:: Data records

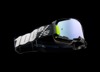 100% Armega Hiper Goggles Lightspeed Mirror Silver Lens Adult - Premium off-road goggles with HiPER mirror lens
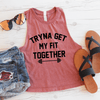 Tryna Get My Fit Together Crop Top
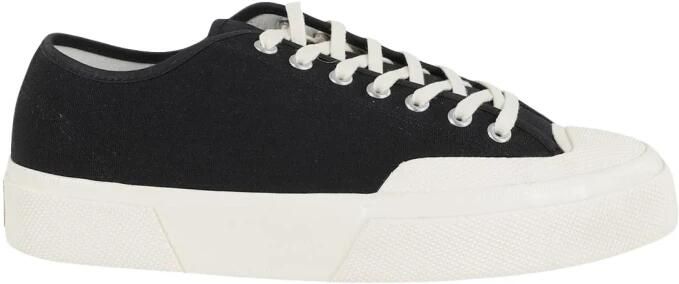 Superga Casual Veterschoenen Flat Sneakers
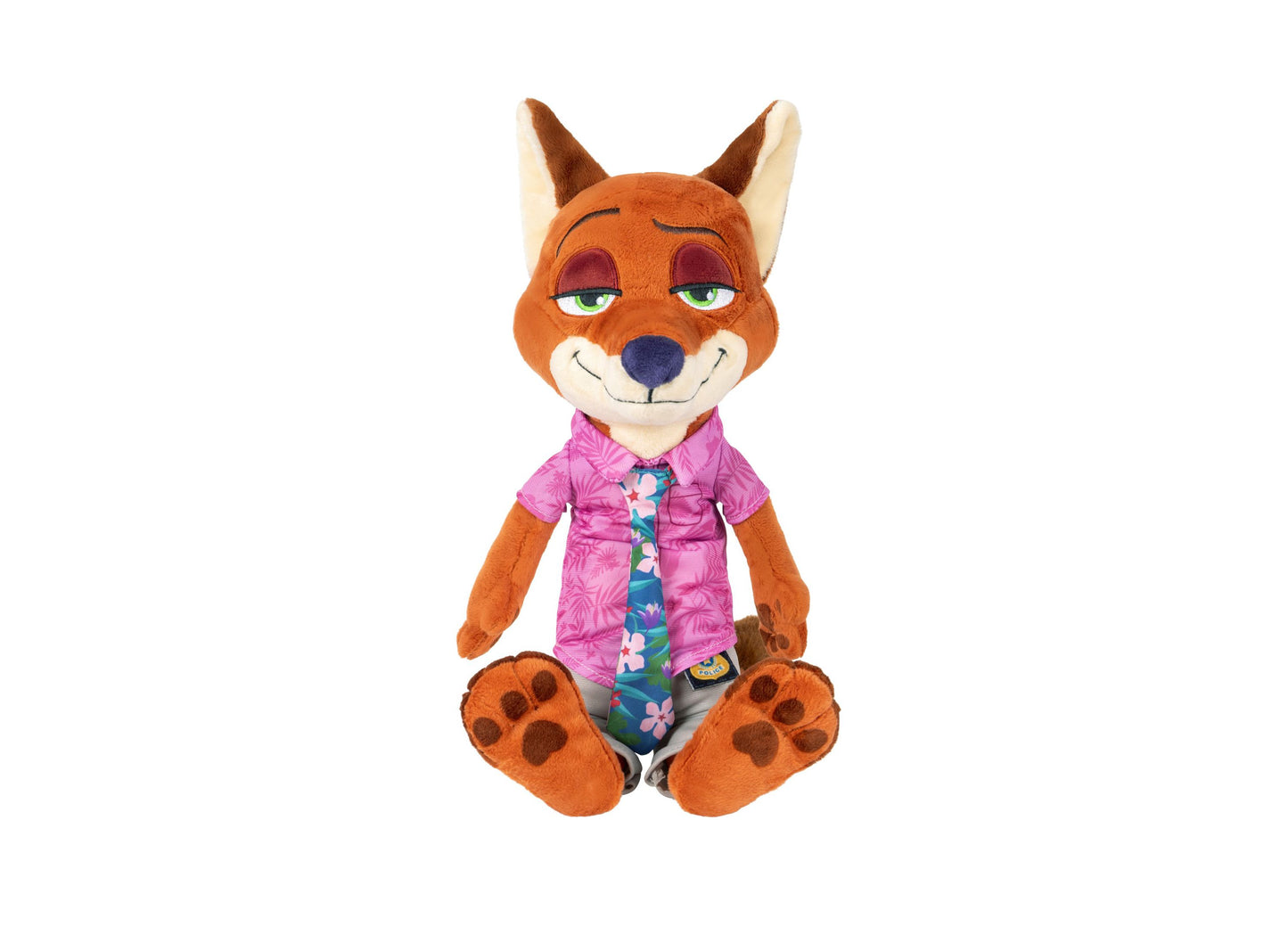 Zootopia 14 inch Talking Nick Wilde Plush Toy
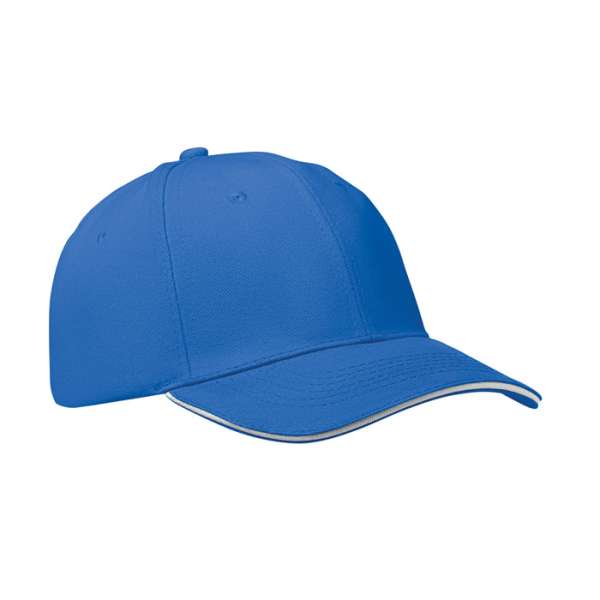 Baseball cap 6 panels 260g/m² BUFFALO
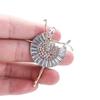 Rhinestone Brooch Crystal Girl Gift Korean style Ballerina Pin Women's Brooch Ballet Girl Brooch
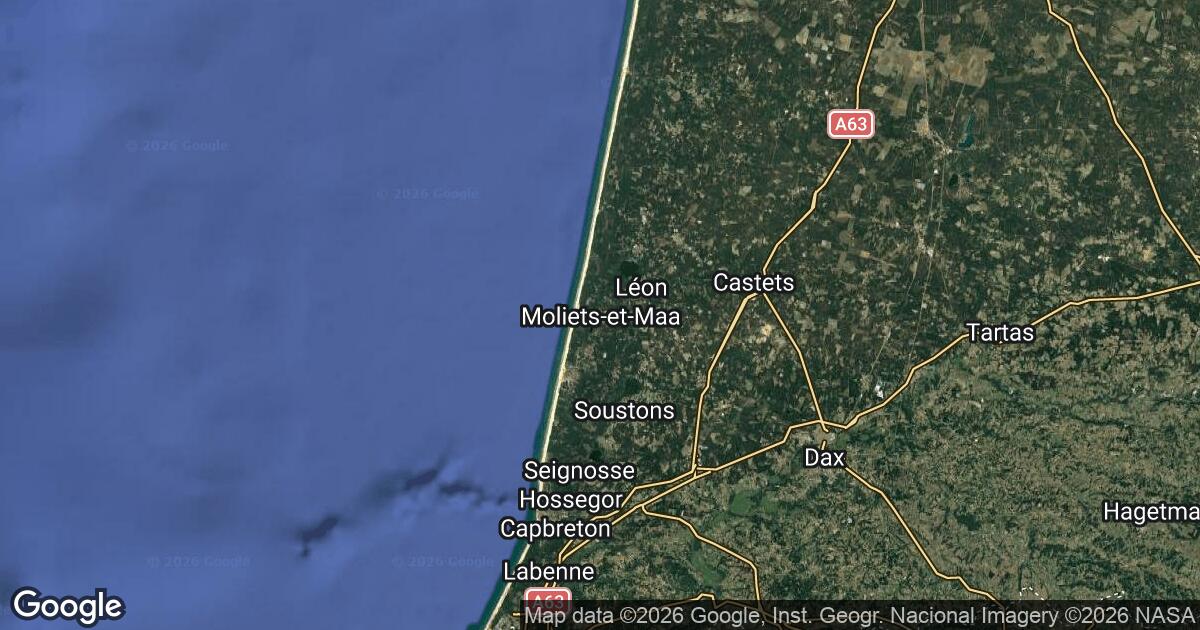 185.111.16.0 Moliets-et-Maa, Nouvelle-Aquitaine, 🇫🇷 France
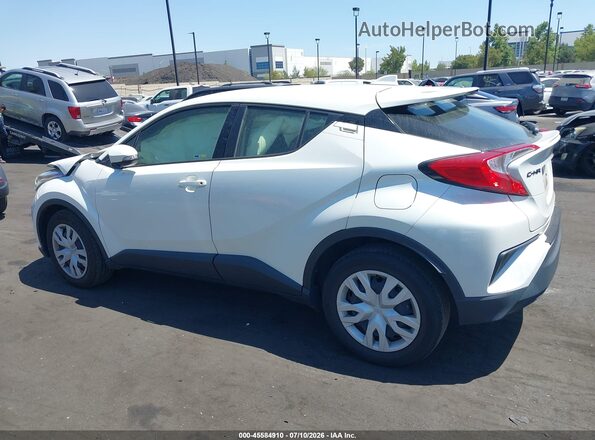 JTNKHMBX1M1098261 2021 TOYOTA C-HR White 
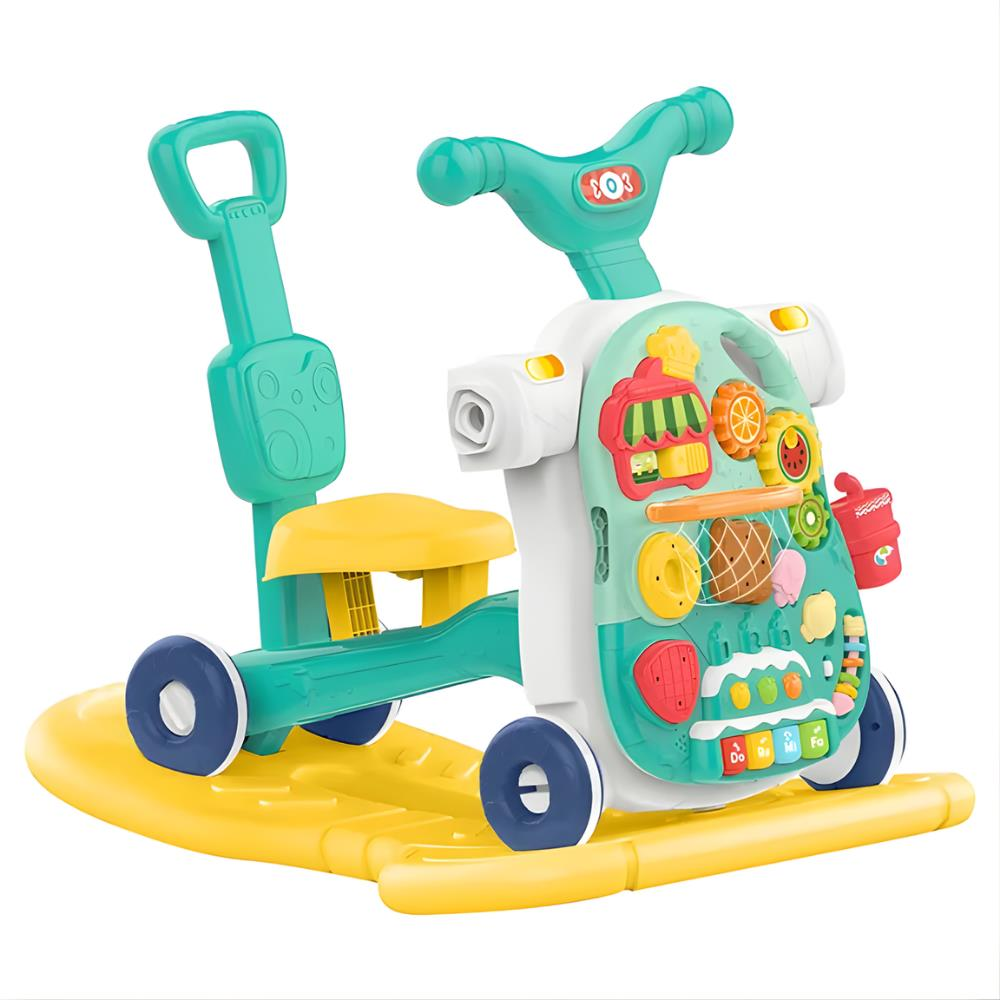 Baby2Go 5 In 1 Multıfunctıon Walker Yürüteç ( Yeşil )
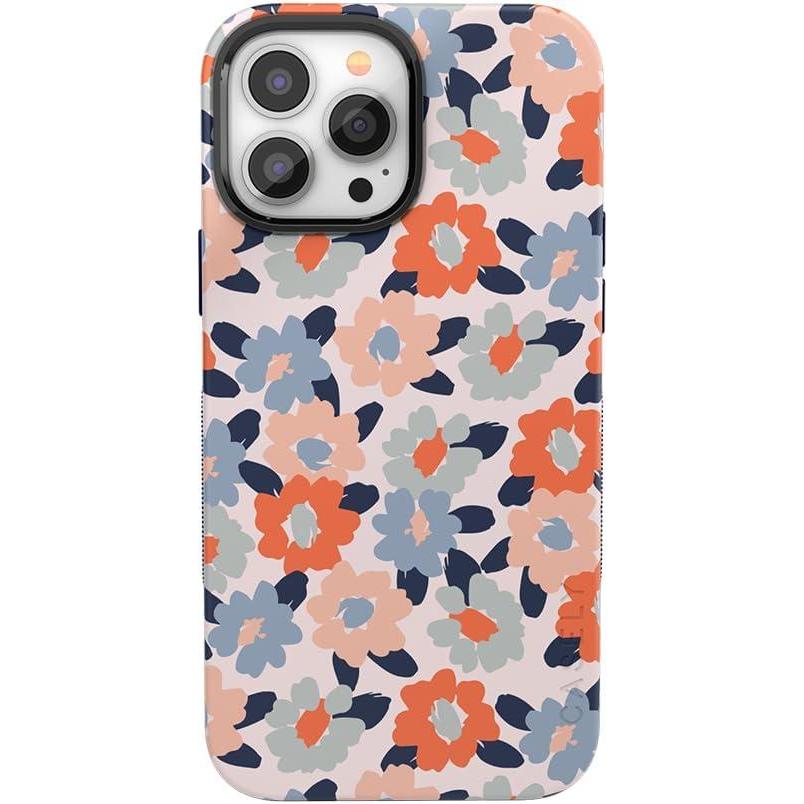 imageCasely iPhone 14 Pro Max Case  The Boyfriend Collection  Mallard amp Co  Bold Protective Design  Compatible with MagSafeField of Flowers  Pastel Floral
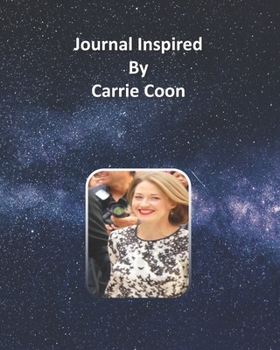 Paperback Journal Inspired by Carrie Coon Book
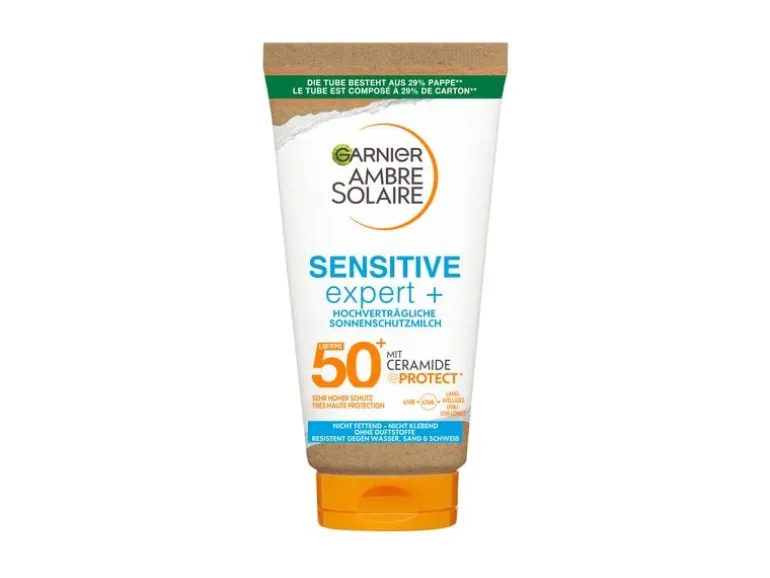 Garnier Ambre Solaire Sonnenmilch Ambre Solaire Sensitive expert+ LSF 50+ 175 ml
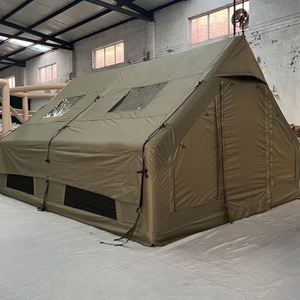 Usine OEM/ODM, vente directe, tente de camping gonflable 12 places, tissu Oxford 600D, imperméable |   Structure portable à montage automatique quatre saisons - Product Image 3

::::

* [To do]: Leaving every picture out, repeat each line of the material exactly.

* [Output for this task]:
 100% Armega Hiper Goggles Lightspeed Mirror Silver Lens Adult - Premium off-road goggles with HiPER mirror lens
 Tryna Get My Fit Together Crop Top
 Superga Casual Veterschoenen Flat Sneakers
 Zootopia 14 inch Talking Nick Wilde Plush Toy
 Baseball cap 6 panels 260g/m² BUFFALO
 Rhinestone Brooch Crystal Girl Gift Korean style Ballerina Pin Women's Brooch Ballet Girl Brooch
 185.111.16.0 Moliets-et-Maa, Nouvelle-Aquitaine, 🇫🇷 France
 JTNKHMBX1M1098261 2021 TOYOTA C-HR White 
 Baby2Go 5 In 1 Multıfunctıon Walker Yürüteç ( Yeşil )
 imageCasely iPhone 14 Pro Max Case  The Boyfriend Collection  Mallard amp Co  Bold Protective Design  Compatible with MagSafeField of Flowers  Pastel Floral
 Paperback Journal Inspired by Carrie Coon Book
 Garnier Ambre Solaire Sonnenmilch Ambre Solaire Sensitive expert+ LSF 50+ 175 ml
 Usine OEM/ODM, vente directe, tente de camping gonflable 12 places, tissu Oxford 600D, imperméable |   Structure portable à montage automatique quatre saisons - Product Image 3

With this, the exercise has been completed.